** Action item **
Among the entries below, the lines from the one with "view of patio featuring a grill" up to and including the one with "Man Following Girlfriend" are to be restated exactly, without pictures.

** Listed records **
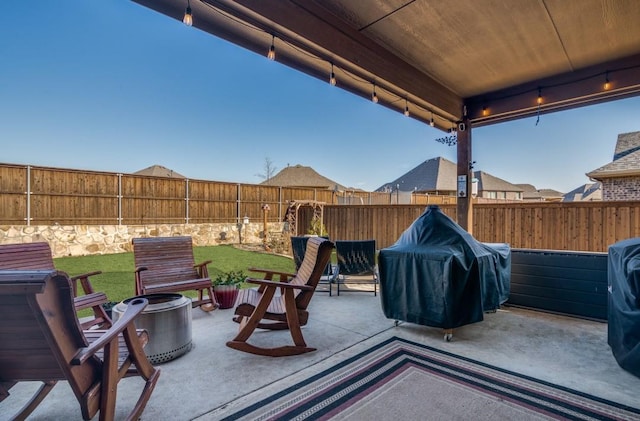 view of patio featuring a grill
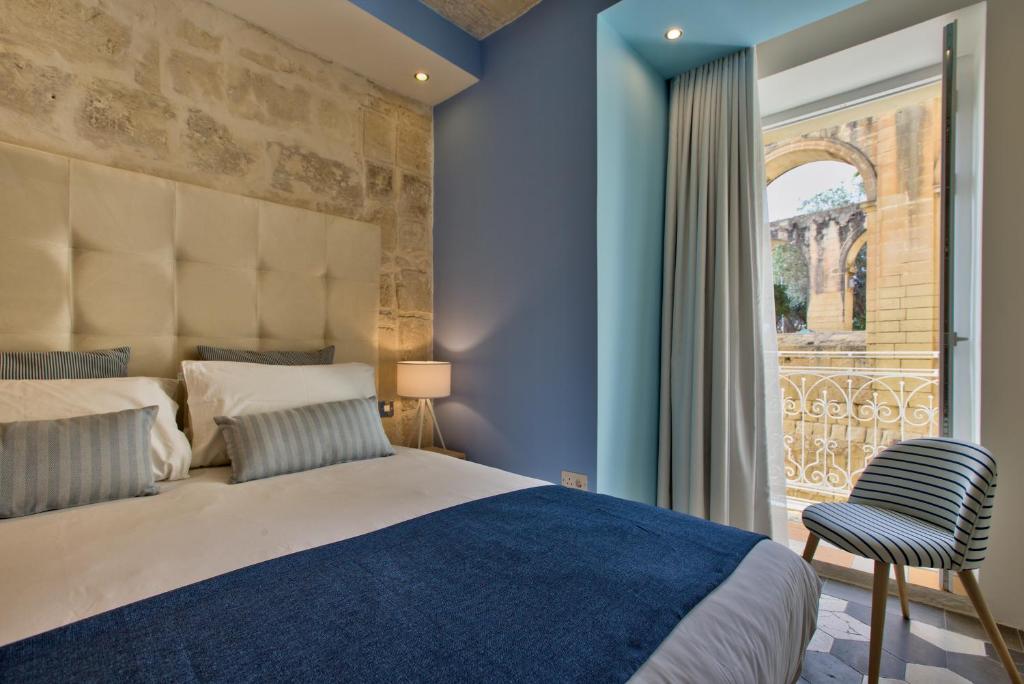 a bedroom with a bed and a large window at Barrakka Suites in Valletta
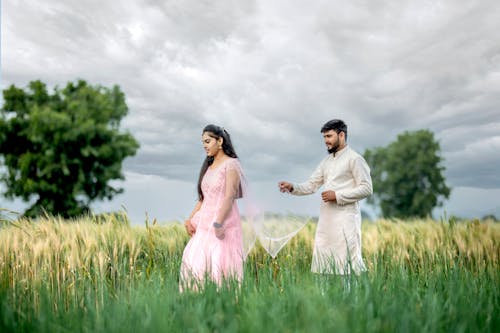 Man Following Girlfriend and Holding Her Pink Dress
==
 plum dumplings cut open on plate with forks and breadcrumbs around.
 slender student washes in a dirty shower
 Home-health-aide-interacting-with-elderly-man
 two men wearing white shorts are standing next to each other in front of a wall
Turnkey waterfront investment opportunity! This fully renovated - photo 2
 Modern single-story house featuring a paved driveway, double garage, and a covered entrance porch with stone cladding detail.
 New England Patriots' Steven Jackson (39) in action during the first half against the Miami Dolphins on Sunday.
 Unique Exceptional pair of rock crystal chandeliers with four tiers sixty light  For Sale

** Written solution **
 view of patio featuring a grill
 a bedroom with a bed and a large window at Barrakka Suites in Valletta
 Man Following Girlfriend and Holding Her Pink Dress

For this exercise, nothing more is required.